Status

Current state: Under Discussion

Discussion thread: here

JIRA: here

Abstract

This KIP proposes adding new metrics to Kafka source connectors to track and report failures encountered during the record polling process. By providing these granular metrics, it becomes easier to monitor and diagnose issues related to record polling failures, enabling users to take appropriate actions for fault tolerance and troubleshooting.

Motivation

Currently, there is no metric in Kafka Connect to track when a source connector fails to poll data from the source. This information would be useful to operators and developers to visualize, monitor and alert when the connector fails to poll records from the source.

Existing metrics like kafka_producer_producer_metrics_record_error_total and kafka_connect_task_error_metrics_total_record_failures only cover failures when producing data to the Kafka cluster but not when the source task fails with a retryable exception or ConnectException.

Polling from source can fail due to unavailability of the source system or errors with the connect configuration. Currently, this cannot be monitored directly using metrics and instead operators have to rely on log diving which is not consistent with how other metrics are monitored.

Public Interfaces

The new metrics will be added at the granularity of a task and will be exposed via JMX interface similar to existing metrics,

Metrics group: Ref

kafka.connect:type=task-error-metrics,connector="{connector}",task="{task}"

Metric Names:

source-record-poll-error-total - The total number of times a source connector task failed to poll data from the source system. This will include both retryable and non-retryable exceptions.

source-record-poll-error-rate - The rate of total errors encountered per second while polling the source system. This is useful for calculating the errors as a percentage.

Proposed Changes

This proposal suggests the following modifications to the Kafka source connector framework:

Record new metrics: The poll function in AbstractWorkerSourceTask will have an exception handling block that will record these errors. The error metric will be incremented whenever the exception is encountered.
Register new metrics: The recorded metrics will be added to ConnectMetricsRegistry along with other Connect metrics.
Reporting metrics: The connector framework will expose these new metrics via JMX (Java Management Extensions) for monitoring and integration with existing monitoring systems. Operators can configure their monitoring tools to collect and analyze these metrics to gain insights into the health and performance of the source connectors.
Documentation: The Kafka documentation will be updated to include details on the new metrics and their usage. It will provide guidance on how to leverage these metrics for monitoring and troubleshooting purposes.

Compatibility, Deprecation, and Migration Plan

What impact (if any) will there be on existing users?
- This change only adds new metrics that users can utilize to improve their monitoring of source connectors. There is no impact to existing metrics.
If we are changing behavior how will we phase out the older behavior?
- N/A
If we need special migration tools, describe them here.
- N/A
When will we remove the existing behavior?
- N/A

Test Plan

Describe in few sentences how the KIP will be tested. We are mostly interested in system tests (since unit-tests are specific to implementation details). How will we know that the implementation works as expected? How will we know nothing broke?

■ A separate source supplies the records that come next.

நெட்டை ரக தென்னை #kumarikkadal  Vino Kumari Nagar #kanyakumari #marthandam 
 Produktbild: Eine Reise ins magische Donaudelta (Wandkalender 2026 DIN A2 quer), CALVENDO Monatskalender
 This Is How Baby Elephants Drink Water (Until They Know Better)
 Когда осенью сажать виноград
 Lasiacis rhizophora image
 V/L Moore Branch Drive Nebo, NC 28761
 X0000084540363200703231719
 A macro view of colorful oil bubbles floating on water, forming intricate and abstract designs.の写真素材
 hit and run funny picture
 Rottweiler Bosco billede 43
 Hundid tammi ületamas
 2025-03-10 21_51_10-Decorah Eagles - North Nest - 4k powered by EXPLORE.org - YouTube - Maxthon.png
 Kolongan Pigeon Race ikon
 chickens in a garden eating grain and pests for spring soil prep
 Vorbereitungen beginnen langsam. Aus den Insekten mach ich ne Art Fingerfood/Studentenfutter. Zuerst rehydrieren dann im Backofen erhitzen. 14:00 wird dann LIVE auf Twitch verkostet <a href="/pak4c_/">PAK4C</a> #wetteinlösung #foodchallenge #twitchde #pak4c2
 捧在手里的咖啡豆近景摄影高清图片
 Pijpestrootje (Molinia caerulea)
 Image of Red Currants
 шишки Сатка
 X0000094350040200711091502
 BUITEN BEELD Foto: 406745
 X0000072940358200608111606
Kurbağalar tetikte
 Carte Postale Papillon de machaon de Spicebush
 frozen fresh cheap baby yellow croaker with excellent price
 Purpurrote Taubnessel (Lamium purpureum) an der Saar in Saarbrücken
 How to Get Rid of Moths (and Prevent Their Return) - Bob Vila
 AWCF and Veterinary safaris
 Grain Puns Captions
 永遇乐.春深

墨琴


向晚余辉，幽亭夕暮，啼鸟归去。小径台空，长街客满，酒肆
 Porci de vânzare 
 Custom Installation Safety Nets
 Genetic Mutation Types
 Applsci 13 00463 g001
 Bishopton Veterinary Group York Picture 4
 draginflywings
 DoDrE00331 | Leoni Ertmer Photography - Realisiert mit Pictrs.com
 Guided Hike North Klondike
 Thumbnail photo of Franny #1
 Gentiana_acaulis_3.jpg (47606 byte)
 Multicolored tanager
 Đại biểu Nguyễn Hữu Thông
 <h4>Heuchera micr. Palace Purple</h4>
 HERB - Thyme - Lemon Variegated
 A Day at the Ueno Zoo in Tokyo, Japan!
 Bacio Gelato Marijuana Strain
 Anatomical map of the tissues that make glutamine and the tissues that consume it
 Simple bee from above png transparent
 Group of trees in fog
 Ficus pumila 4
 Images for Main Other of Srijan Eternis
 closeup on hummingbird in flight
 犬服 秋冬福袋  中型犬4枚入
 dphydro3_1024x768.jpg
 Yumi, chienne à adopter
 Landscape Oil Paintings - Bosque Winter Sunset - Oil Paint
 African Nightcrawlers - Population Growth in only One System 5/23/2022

Unit testing: Unit tests will be added to make sure the logic of adding the metrics is correct. It will also validate the correctness of the metric.
The change will also be manually tested to ensure that it works with real source connectors.

Rejected Alternatives

The alternative is to monitor the source system for failures but it is not always possible when the source system does not provide these metrics. It is also good to know the errors encountered, from Kafka Connect perspective rather than an external system.
The other alternative is to push the metric publishing logic to connectors but that's not a good idea as every connector implementation has to implement this.